*ACTIVITY*. Using the data that follows, return exactly the lines from the one that contains "[BUNJANG] Norae Maeul" through the one that contains "清代 王睿章篆 印谱《水云深处为家》篆刻印章作品图片欣赏", ends included.

(INPUT Opens)

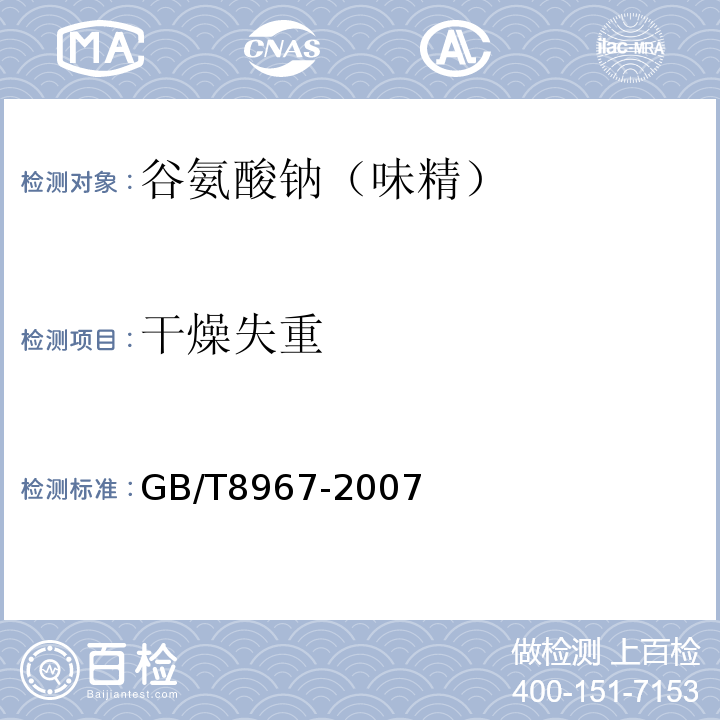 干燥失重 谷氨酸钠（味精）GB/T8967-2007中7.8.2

(INPUT Closes)
(INPUT Opens)

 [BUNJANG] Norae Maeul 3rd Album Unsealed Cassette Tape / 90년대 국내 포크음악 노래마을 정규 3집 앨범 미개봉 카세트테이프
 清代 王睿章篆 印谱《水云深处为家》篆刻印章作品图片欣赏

(INPUT Closes)

*YOUR RESPONSE*.
 [BUNJANG] Norae Maeul 3rd Album Unsealed Cassette Tape / 90년대 국내 포크음악 노래마을 정규 3집 앨범 미개봉 카세트테이프
 清代 王睿章篆 印谱《水云深处为家》篆刻印章作品图片欣赏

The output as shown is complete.